Longformer_zh
Property | Value |
---|---|
Author | ValkyriaLenneth |
Model Type | Longformer (Chinese) |
Maximum Sequence Length | 4096 tokens |
Training Hardware | 4 x Titan RTX |
Model URL | huggingface.co/ValkyriaLenneth/longformer_zh |
What is longformer_zh?
Longformer_zh is a Chinese language model designed to process long documents efficiently with linear complexity O(n), compared to the quadratic complexity O(n²) of traditional transformers. Built upon RoBERTa-zh, it introduces an innovative attention mechanism combining local windowed attention with task-specific global attention, enabling processing of sequences up to 4096 tokens.
Implementation Details
The model was pretrained using a mixture of Chinese corpora from nlp_chinese_corpus, incorporating Whole-Word-Masking (WWM) specifically optimized for Chinese language characteristics. The training process took approximately 4 days on 4 Titan RTX GPUs, utilizing Nvidia Apex for mixed-precision training acceleration.
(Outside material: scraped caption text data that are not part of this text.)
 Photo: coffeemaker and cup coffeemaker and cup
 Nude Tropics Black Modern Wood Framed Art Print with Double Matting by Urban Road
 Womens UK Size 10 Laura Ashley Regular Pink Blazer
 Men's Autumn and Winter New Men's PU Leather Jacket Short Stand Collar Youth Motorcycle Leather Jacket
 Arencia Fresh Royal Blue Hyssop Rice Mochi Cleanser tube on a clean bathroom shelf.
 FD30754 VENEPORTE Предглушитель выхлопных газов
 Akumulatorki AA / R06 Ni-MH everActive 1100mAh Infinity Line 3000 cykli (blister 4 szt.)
- Based on RoBERTa-zh architecture with modified attention mechanism
- Implements Whole-Word-Masking for better Chinese language understanding
- Utilizes Jieba tokenizer and JIONLP for data preprocessing
- Achieves BPC (bits-per-character) score of 3.10 after training
Core Capabilities
- Sentiment Analysis: Achieves 80.51 F1 score on CCF-Sentiment-Analysis
- Machine Reading Comprehension: 86.15 F1 and 66.84 EM scores
- Coreference Resolution: 67.81 Conll-F1 score
- Efficient processing of long documents (4K+ tokens)
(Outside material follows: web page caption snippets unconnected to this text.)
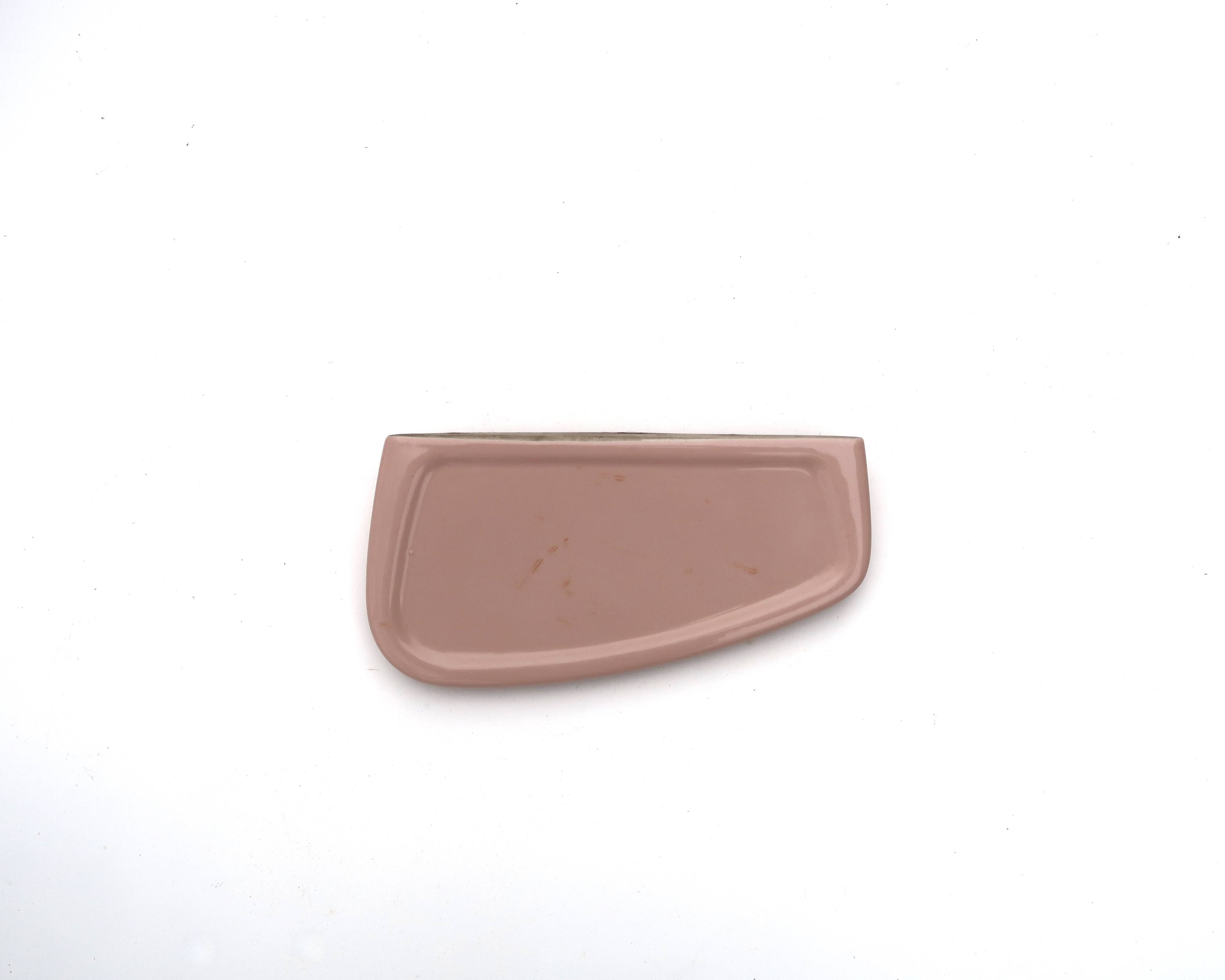 Pale pink porcelain wall shelf, 1960s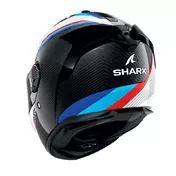 Shark Spartan Gt Pro Dokhta Carbon White Blue Синий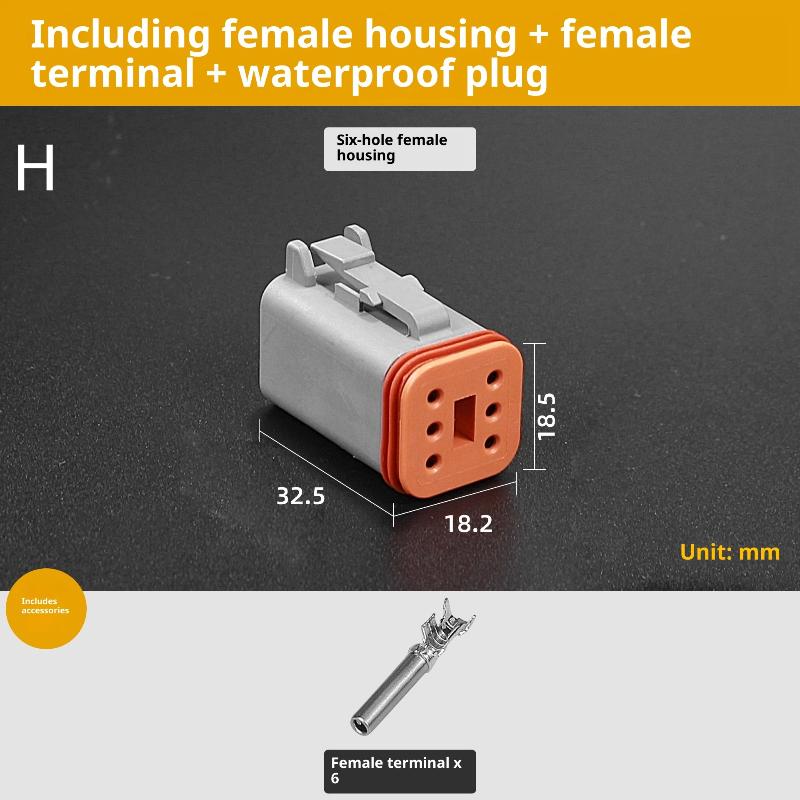1 Pcs Dt Connector With 15Cm Wiring Harness Dt06-2S/Dt04-2P 2P 3P 4P 6P 8P 12P Waterproof Electrical Connector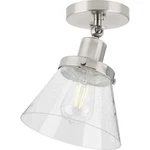 1 Light Flush Mount-brushed Nickel Finish - 70-bel-4442077 Bailey Street Home. Fixed Price $71.95.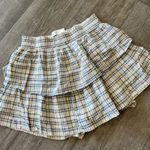Aerie  ruffle smock plaid skirt ✨ Photo 6
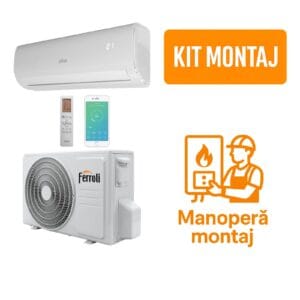 Pachet Montaj – Aer Conditionat FERROLI GIADA S 18.000 BTU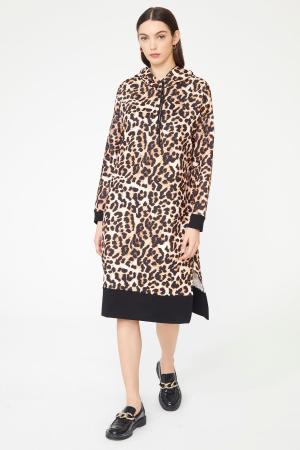 Leopard Knitted Dress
Frequently Asked Questions
Q: What makes this model unique?
The model combines efficient linear-complexity attention mechanisms with Chinese language optimization through Whole-Word-Masking, making it particularly suitable for long Chinese document processing tasks while maintaining competitive performance with BERT and RoBERTa variants.
Q: What are the recommended use cases?
The model is particularly well-suited for tasks involving long Chinese documents, including document classification, sentiment analysis, machine reading comprehension, and coreference resolution. It's especially valuable when dealing with documents exceeding traditional transformer length limitations.